A cluster is a set of loosely coupled, independent computer systems that behave as a single system. Client applications interact with a cluster as if it is a single high-performance, highly reliable server. System managers view a cluster much as they see a single server. Cluster technology is readily adaptable to low-cost, industry-standard computer technology and interconnects.
Clustering can take many forms. A cluster may be nothing more than a set of standard personal computers interconnected by Ethernet. At the other end of the spectrum, the hardware structure may consist of high-performance SMP systems connected via a high-performance communications and I/O bus. In both cases, processing power can be increased in small incremental steps by adding another commodity system. To a client application, the cluster provides the illusion of a single server, or single-system image, even though it may be composed of many systems.
Additional systems can be added to the cluster as needed to process more complex or an increasing number of requests from the clients. If one system in a cluster fails, its workload can be automatically dispersed among the remaining systems.
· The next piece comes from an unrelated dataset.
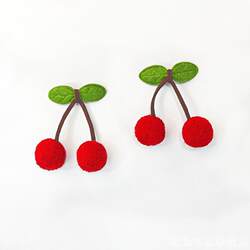 Cute Cherry Brooch-Style Curtain Gauze Curtain Head Decoration White Gauze Hanging Ornament Accessories Curtain Decoration Accessories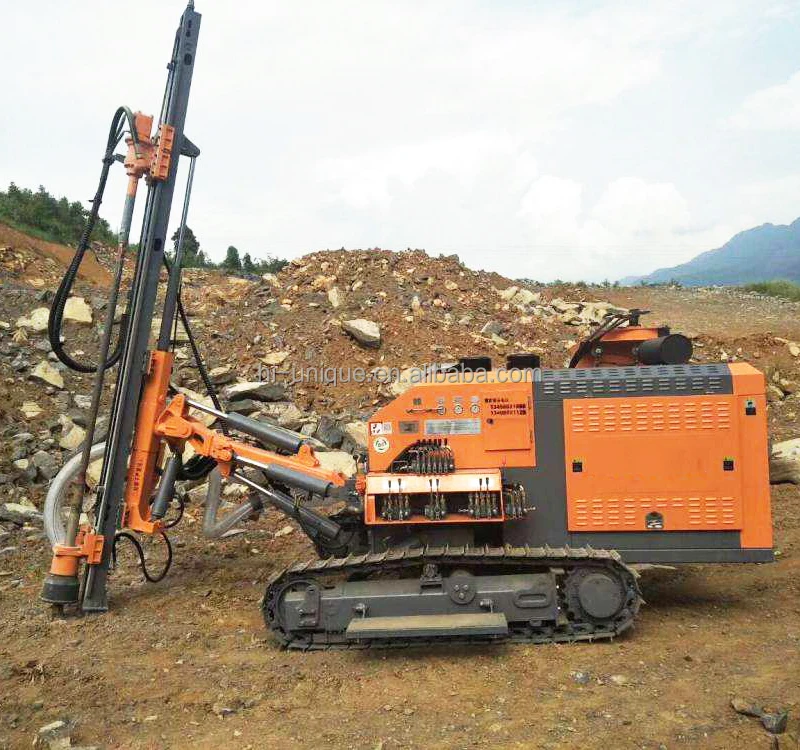 Gold supplier 17bar Integrated DTH Drill Rig Machine Mine Blasting Hole Drilling Rig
This transfer is frequently transparent to the client.
Two principal software models are used in clustering today: shared disk and shared nothing. In the shared disk model, software running on any system in the cluster may access any resource (e.g., a disk) connected to any system in the cluster. If two systems need to see the same data, the data must either be read twice from the disk or copied from one system to another. As in an SMP system, the application must synchronize and serialize its access to shared data. Typically a Distributed Lock Manager (DLM) is used to help with this synchronization. A DLM is a service provided to applications that tracks references to resources throughout the cluster. If more than one system attempts to reference a single resource, the DLM will recognize and resolve the potential conflict. DLM coordination, however, may cause additional message traffic and reduce performance because of the associated serialized access to additional systems. One approach to reducing these problems is the shared nothing software model.
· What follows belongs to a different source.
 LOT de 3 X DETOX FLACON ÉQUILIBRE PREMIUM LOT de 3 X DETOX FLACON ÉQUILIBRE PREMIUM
In the shared nothing software model, each system within the cluster owns a subset of the cluster's resources. Only one system may own and access a particular resource at a time, although, on a failure, another dynamically determined system may take ownership of the resource. In addition, requests from clients are automatically routed to the system that owns the resource.
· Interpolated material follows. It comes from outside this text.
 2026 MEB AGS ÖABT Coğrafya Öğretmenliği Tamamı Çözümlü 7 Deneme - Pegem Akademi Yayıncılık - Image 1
For example, if a client request requires access to resources owned by multiple systems, one system is chosen to host the request. The host system analyzes the client request and ships sub-requests to the appropriate systems. Each system executes the sub-request and returns only the required response to the host system. The host system assembles a final response and sends it to the client.
A single system request on the host system describes a high-level function (such as a multiple data record retrieve) that generates a great deal of system activity (such as multiple disk reads) and the associated traffic does not appear on the cluster interconnect until the final desired data is found. By utilizing an application that is distributed over multiple clustered systems, such as a database, overall system performance is not limited by a single computer's hardware limitations.
The shared disk and shared nothing models can be supported within the same cluster. Some software can most easily exploit the capabilities of the cluster through the shared disk model. This software includes applications and services that require only modest (and read-intensive) shared access to data, as well as applications or workloads that are very difficult to partition. Applications that require maximum scalability should use the cluster's shared nothing support.